Last week, I found myself in midtown Manhattan meeting with my new startup clients — six people from different backgrounds, business experiences and living situations, all incredibly pumped up and focused on their new venture. There is nothing like the energy of a startup. It’s equal parts certainty and uncertainty, which puts the people involved in a perpetual state of optimism and fear. It’s life on the razor’s edge. Some days, you’re convinced that everyone will want to buy your product, service or idea, and other days, you wonder how you’re ever going to get this baby off the ground. Where will the money come from? How will you ever get all the work done with so few people? What convinced you that this could work?
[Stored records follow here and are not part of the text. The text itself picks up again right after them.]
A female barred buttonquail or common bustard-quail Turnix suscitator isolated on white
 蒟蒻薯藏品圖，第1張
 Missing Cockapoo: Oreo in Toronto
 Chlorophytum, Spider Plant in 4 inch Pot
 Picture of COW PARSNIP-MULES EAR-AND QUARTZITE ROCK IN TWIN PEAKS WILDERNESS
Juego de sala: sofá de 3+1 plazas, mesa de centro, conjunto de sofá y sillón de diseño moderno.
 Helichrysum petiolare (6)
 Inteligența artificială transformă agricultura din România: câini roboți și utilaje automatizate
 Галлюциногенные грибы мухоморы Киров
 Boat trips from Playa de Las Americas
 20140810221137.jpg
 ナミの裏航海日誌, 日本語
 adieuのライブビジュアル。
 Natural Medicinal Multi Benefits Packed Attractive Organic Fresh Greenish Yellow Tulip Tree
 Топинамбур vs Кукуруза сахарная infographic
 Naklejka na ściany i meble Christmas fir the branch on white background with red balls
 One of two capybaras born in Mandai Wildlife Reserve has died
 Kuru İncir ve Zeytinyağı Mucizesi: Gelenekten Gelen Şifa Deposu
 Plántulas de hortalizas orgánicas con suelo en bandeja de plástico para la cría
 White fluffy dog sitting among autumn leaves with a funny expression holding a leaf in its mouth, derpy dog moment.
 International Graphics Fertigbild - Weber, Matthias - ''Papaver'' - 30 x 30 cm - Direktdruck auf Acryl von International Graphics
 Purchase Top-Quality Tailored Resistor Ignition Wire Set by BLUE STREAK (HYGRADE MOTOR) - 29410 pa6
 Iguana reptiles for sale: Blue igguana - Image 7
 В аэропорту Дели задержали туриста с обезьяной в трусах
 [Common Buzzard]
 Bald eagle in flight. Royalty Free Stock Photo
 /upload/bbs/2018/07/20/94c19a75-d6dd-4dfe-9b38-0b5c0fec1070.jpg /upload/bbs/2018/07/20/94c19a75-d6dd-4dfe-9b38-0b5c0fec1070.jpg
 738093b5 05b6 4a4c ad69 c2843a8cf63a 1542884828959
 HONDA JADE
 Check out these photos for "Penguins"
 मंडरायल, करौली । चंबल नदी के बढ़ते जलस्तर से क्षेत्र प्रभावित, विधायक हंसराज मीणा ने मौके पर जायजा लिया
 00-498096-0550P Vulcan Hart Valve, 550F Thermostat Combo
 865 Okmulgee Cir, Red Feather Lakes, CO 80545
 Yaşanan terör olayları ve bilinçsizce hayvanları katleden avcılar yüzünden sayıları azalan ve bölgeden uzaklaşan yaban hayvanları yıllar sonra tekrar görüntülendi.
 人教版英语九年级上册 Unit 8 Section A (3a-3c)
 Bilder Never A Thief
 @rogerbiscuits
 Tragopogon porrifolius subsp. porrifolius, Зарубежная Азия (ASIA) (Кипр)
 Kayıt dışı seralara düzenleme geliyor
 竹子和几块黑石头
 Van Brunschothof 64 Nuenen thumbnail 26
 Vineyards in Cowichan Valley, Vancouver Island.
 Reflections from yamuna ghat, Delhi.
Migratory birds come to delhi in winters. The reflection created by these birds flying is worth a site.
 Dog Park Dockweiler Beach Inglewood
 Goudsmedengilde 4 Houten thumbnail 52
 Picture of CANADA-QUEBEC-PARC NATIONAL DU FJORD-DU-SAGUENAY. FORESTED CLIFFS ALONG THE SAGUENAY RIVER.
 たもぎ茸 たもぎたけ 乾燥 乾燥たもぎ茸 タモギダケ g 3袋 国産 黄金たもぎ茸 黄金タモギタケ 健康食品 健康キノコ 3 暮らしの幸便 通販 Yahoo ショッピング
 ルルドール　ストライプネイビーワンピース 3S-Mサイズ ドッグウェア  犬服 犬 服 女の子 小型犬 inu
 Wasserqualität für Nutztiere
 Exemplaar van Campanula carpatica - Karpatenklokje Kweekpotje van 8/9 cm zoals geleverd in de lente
Leaving a steady job that seamlessly deposits money into your checking account every two weeks is a tough thing to do, particularly in today’s uncertain job market. The security that comes with that paycheck is often enough to help us ignore the dysfunctionality that occurs in most large companies. How often have you heard someone say, “I really hate this job, but I’m paid so well and have such good benefits that I can’t afford to leave”? The brave souls who leave that security to venture into the unknown territory of a startup almost always feel a combination of burning desire and heartburn.

This week’s challenge is about accessing that startup passion and commitment, regardless of what kind of job or profession you’re engaged in. Here’s an example. One of my current clients — let’s call him Joe — has worked in the same profession for 15 years. He’s really good at what he does and has slowly made his way up in his organization to hold a senior position. Joe is well-known and highly respected in his industry. He also has a growing family that he loves more than anything. Although the demands of his job often sneak into quality time with his family, he has managed to set some healthy boundaries with his boss to maintain a healthy work-life balance. He makes good money, enjoys where he lives and has great friends.

So why did Joe engage a coach? From the outside, his life looks pretty good. However, Joe found himself in that place Dante described so well in the “Inferno”: “Midway upon the journey of my life, I found myself within a forest dark, for the straightforward pathway had been lost.”

Indeed, Joe wondered where he’d lost himself along the way. You could call this a “mid-life crisis. But when I see people at this crossroad in their lives, regardless of their age, I recognize an opportunity to make a fundamental change. To reboot, so to speak, so they can access the passion within them. When the thing that ignites the essential fire within has been lost, finding it again is essential to carrying on.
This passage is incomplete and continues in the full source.